Avec ses déclarations alarmantes, le gouvernement El Othmani dissémine malhabilement le sentiment d’angoisse, arguant du fait de la hausse récente des contaminations au Covid-19. Pourtant, les autres indicateurs de la situation épidémiologique ne sont pas inquiétants. Entre prudence et enthousiasme, les Marocains suffoquent et désespèrent.

Après-midi du jeudi 8 juillet 2021, au centreville de Casablanca, la vie semble reprendre son cours normal. Les terrasses des cafés et restaurants ne désemplissent pas. Le tramway desservant ce quartier historique est archi-plein. Les passants redécouvrent les joies de déambuler le visage au vent. Si certains s’en réjouissent, d’autres se méfient encore et mettent leurs masques. Entre prudence et enthousiasme, les Marocains, dans leur majorité, prennent leur liberté. On dirait que le gouvernement venait de décréter la suppression de l’obligation du port du masque et de la distanciation sociale.

Et pourtant, cela se passait à quelques heures seulement du communiqué publié à l’issue du conseil de gouvernement du 8 juillet 2021 qui, à l’instar de toutes les communications portant la signature du Chef du gouvernement ou du ministre de la Santé, recèle un ton alarmant dans lequel on rappelle les citoyens à l’ordre et au respect des gestes barrières pour éviter une troisième vague tant redoutée. Non, le virus circule encore. Mais les Casablancais semblent ignorer les sonnettes d’alarme répétitives pas trop prises au sérieux. Ils confessent plutôt leur soulagement de reprendre leurs activités de la vie quotidienne.

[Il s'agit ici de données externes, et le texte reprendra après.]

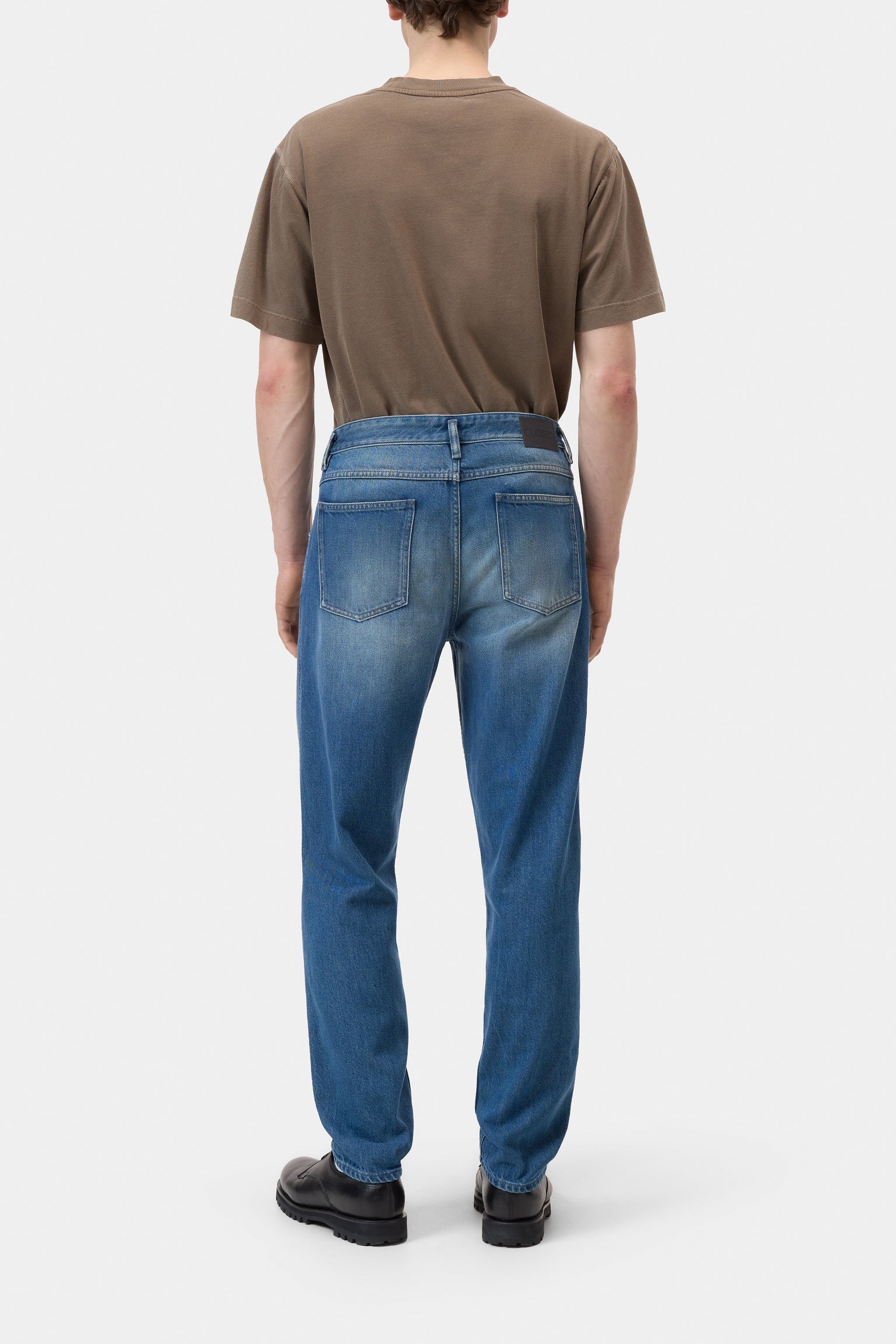 X-Lent Tapered Jeans Mid Blue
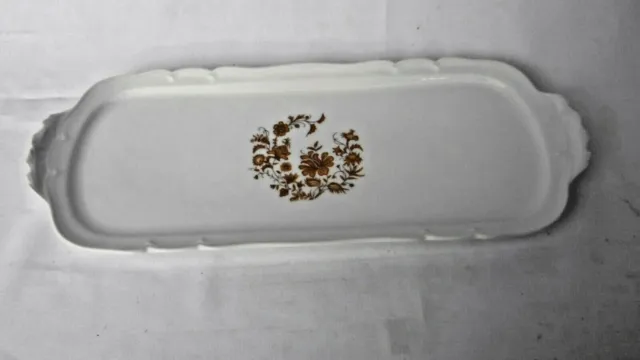 plat a cake porcelaine limoges ulim france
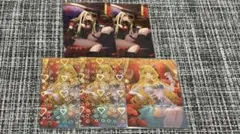 ルイス・キャミー　ノスタルジアコレクション　チェキ風カード　5枚セット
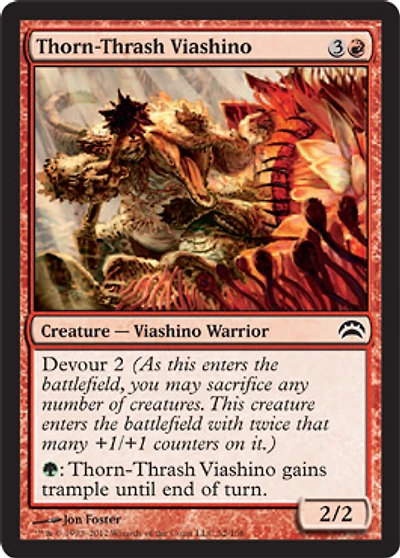 Thorn-Thrash Viashino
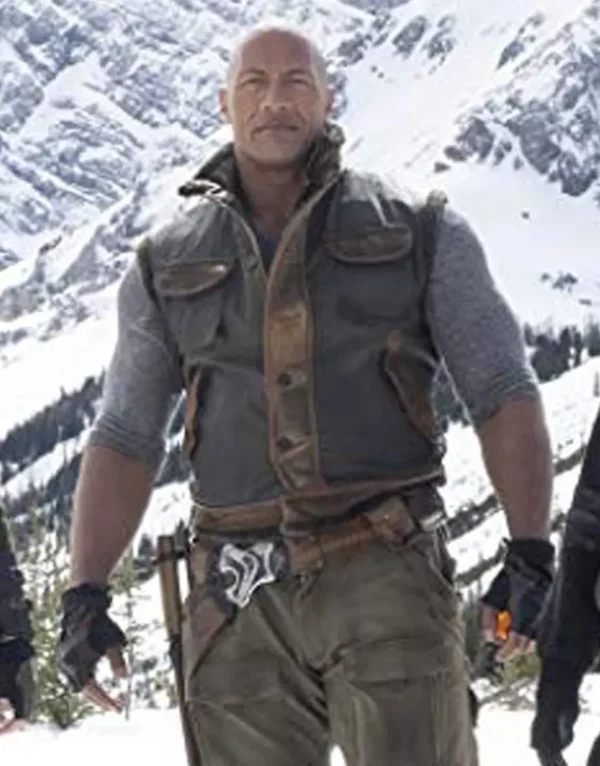 Jumanji The Next Level Dwayne Johnson Vest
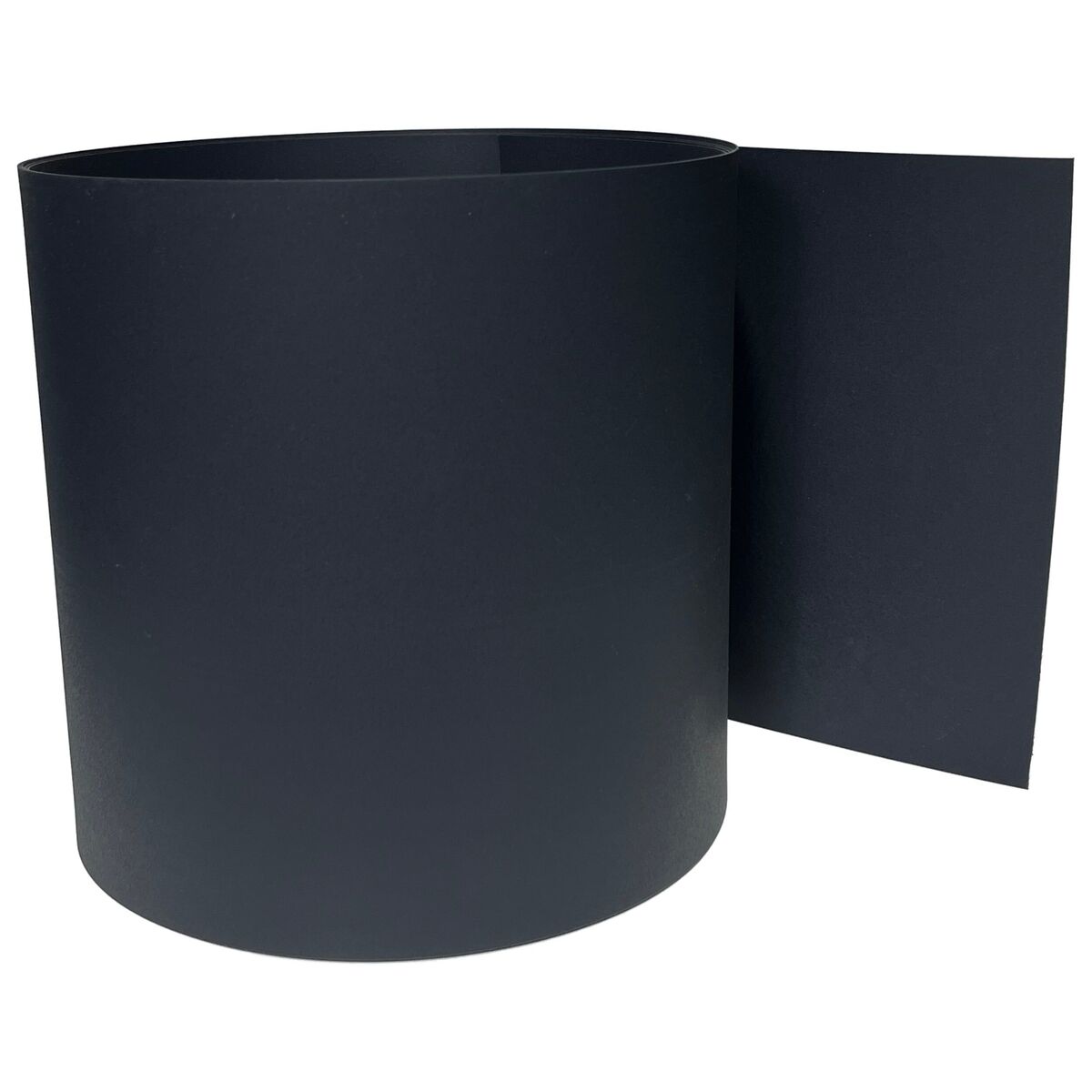 Taśma osłonowa plastikowa Basic 0.19x61.2m grafitowa Protecto
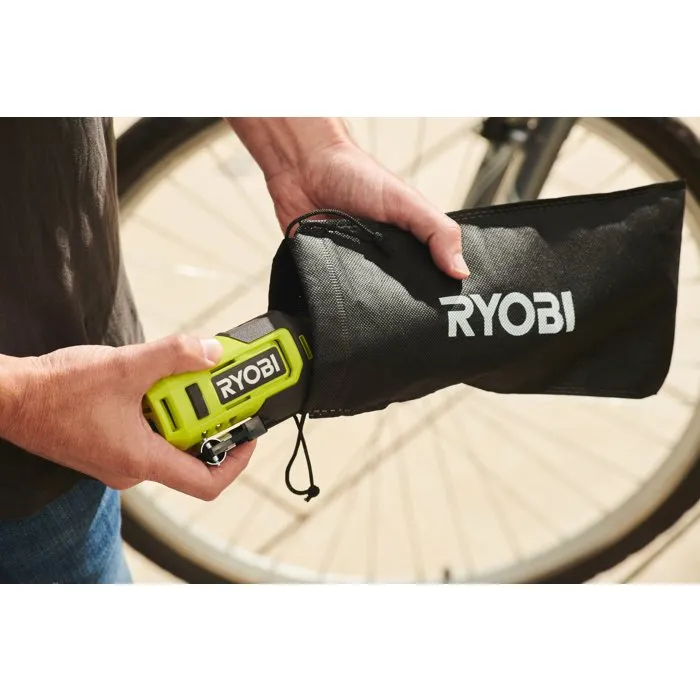 Ryobi RI4-0 Gonfleur 4V USB Lithium pneus vélo ballons sans batterie ni chargeur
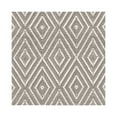 thumbnail image 6 of Dash & Albert Diamond Handwoven Indoor/Outdoor Rug, 2' x 3', Fieldstone/Ivory, 6 of 6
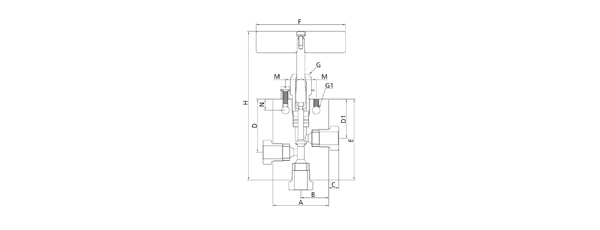 20N Series (3-Way/2 On Pressure)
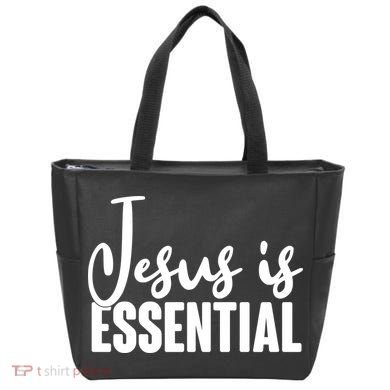 Jesus Is Essential Tote Bag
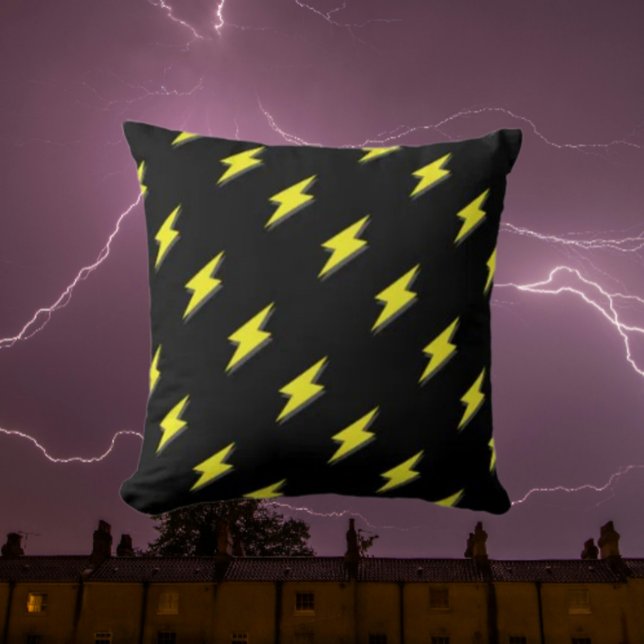 Electric Burst Cushion (Creator Uploaded)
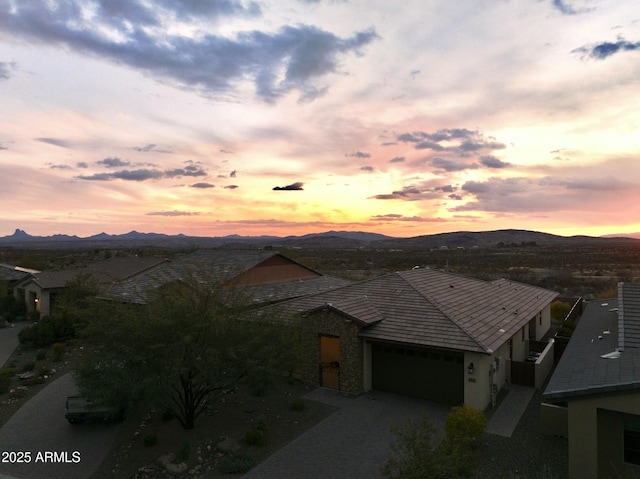 property view of mountains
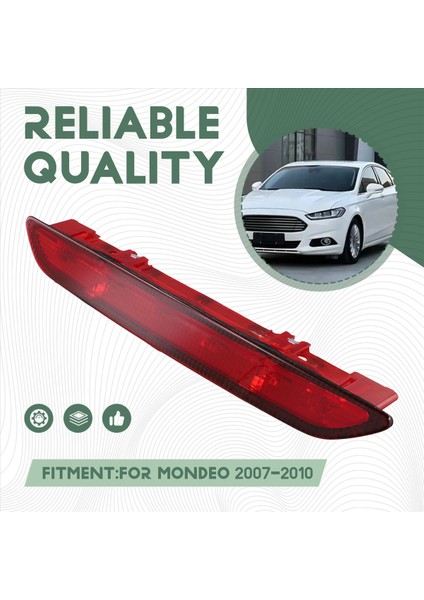7S7113A601CD Ek Fren Işıkları Ford Mondeo 2007-2010 Için Yüksek Montajlı Fren Işığı Araba Üçüncü Fren Işığı (Yurt Dışından) indirimleri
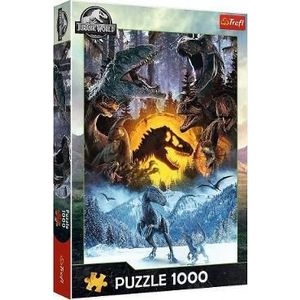 Puzzle 1000. Jurassic World in lumea Jurassic Park imagine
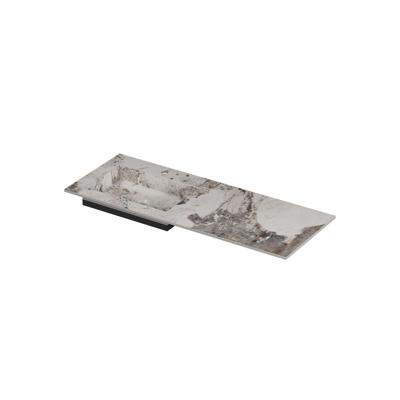 INK Post Wastafel keramische slab envelop bak links met 1 kraangat 120x45x1 Island glossy INK Post Wastafel keramische slab envelop bak links met 1 kraangat 120x45x1 Island glossy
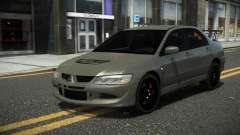 Mitsubishi Lancer Evo 8 BGF for GTA 4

«Le gouvernement est, depuis le début de l’épidémie, alarmant. Quoi qu’il en soit, que le chiffres des cas de contaminations baissent ou augmentent, c’est toujours sur un ton angoissant et inquiétant qu’il publie ses communiqués. Ce qui m’intéresse le plus, c’est le nombre des décès. Et là, il n’y a vraiment rien qui justifie qu’on s’affole», confie Mohamed B., la quarantaine, enseignant de philosophie. «On n’est pas encore sortis de l’auberge », réplique Samira K., étudiante en économie. Cette jeune de 21 ans partage l’idée que la communication du gouvernement entretient le doute et une visibilité floue.

«Les Marocains ont vécu plus d’un an dans la peur que tous les jours la situation peut être renversée. Il est temps que le gouvernement change de stratégie. Au lieu de se baser sur la peur pour inciter les gens au respect des restrictions sanitaires, je pense qu’une communication fluide et transparente et la sensibilisation suffisent pour inciter à ne pas baisser la garde face à ce virus sournois», explique-t-elle.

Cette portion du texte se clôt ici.